Im Familienausschuss waren die Stadträte jetzt nach kurzer Diskussion bereit, Finanzmittel und notwendige Personalstellen im Bauamt für das Bauprojekt schon vorzusehen. "Sonst fassen wir einen Beschluss, den man nicht umsetzen kann", mahnte Oberbürgermeister Florian Hartmann (SPD). Über Geld und Personal entscheidet zwar der Hauptausschuss, doch der Familienausschuss sprach einstimmige eine entsprechende Empfehlung aus.

So einig sich die Stadträte in Sachen Neubau waren, so weit gingen die Meinungen zum Vorkaufsrecht auseinander. Bei Immobilien, die früher einmal der Stadt gehörten, ist ein Vorkaufsrecht im Grundbuch vermerkt. Im Falle eines Verkaufs hat deshalb die Stadt die Möglichkeit, an Stelle des Käufers in den Vertrag einzutreten. Ob dieses Recht genutzt werden soll, um Wohnungen zur Unterbringung von Obdachlosen zu erwerben, ist im Stadtrat schon länger umstritten. "Weil es den Bestandswohnungsverkehr stört und Leuten im letzten Moment die Wohnung wegzieht", erklärt August Haas (CSU). Dagegen will die SPD nicht verzichten, auf das wichtige "zweite Standbein" der Obdachlosenunterbringung. Weil die Stadt nur so an einzelne Wohnungen kommt, die überall verstreut in der Stadt liegen. Vorbehalte gegen die Unterbringung von Menschen ohne Obdach mitten in bürgerlichen Wohnvierteln seien haltlos. Und gerade Kinder obdachloser Familien sollten nicht in Sammelunterkünften, sondern in einer normalen Umgebung aufwachsen können, so Sabine Geißler (Bündnis für Dachau).

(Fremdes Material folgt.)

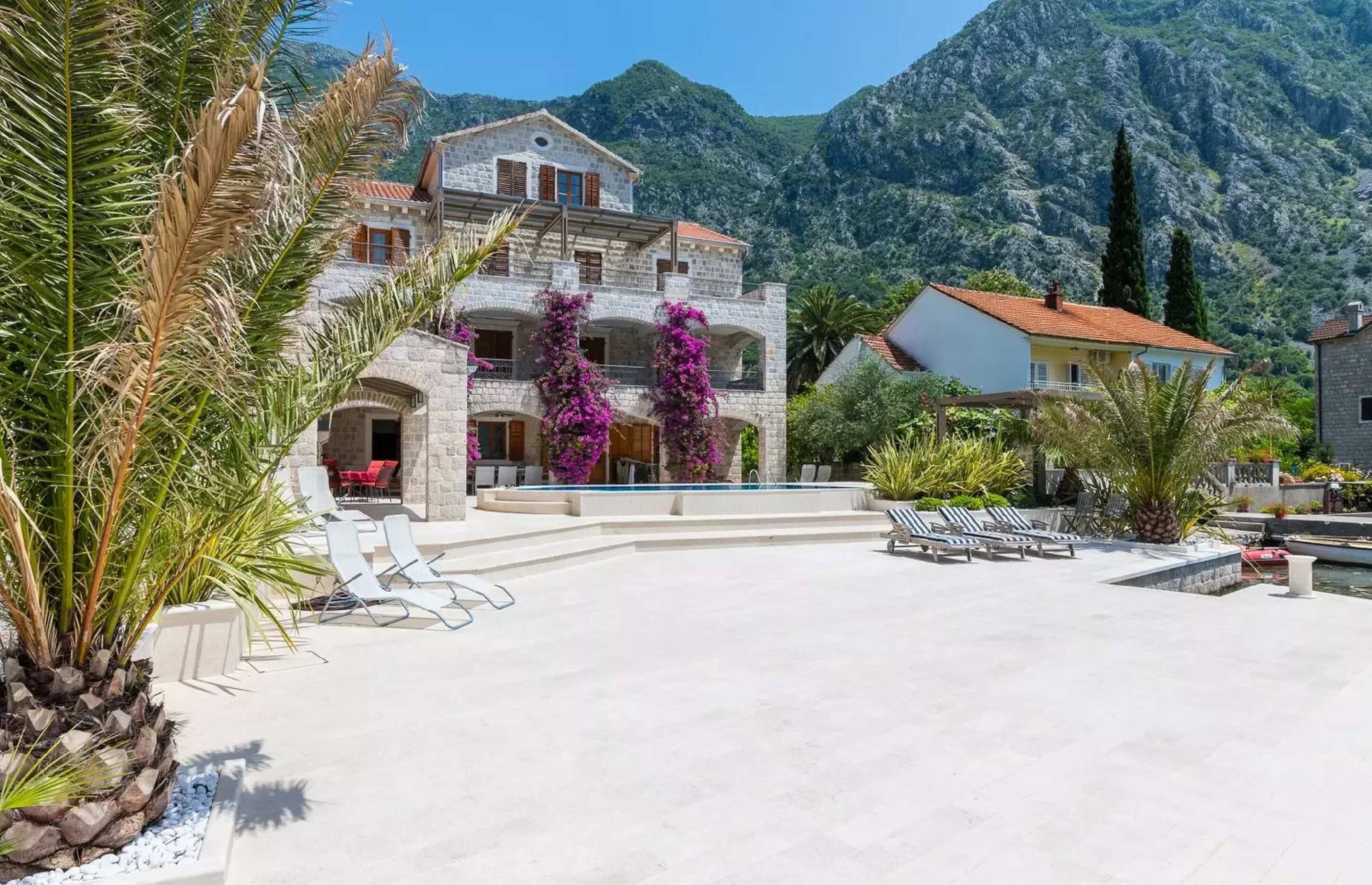 Luksuzna vila sa bazenom i privatnom vezom za jahte, na samoj obali mora,Risan-Kotor. - Amfora Real Estate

Auch wenn die Stadt das Vorkaufsrecht bisher nur selten ausgeübt hat, wollen SPD, Grüne und Bündnis nicht verzichten. Zumal der Ankauf für jede Wohnung erneut vom Stadtrat geprüft wird. Doch die Mehrheit entschied anders: Ab sofort wird der Ankauf von Wohnungen mit dem Ziel, dort Menschen ohne Obdach unterzubringen, nicht mehr ausgeführt. Grundsätzlich bleibt das Vorkaufsrecht aber erhalten, etwa um Spekulationen zu verhindern, wie die CSU-Fraktion explizit betonte. Auch wird zur Unterbringung von Menschen ohne Obdach der Ankauf von Grundstücken oder Häusern per Vorkaufsrecht wie bisher weiter geprüft.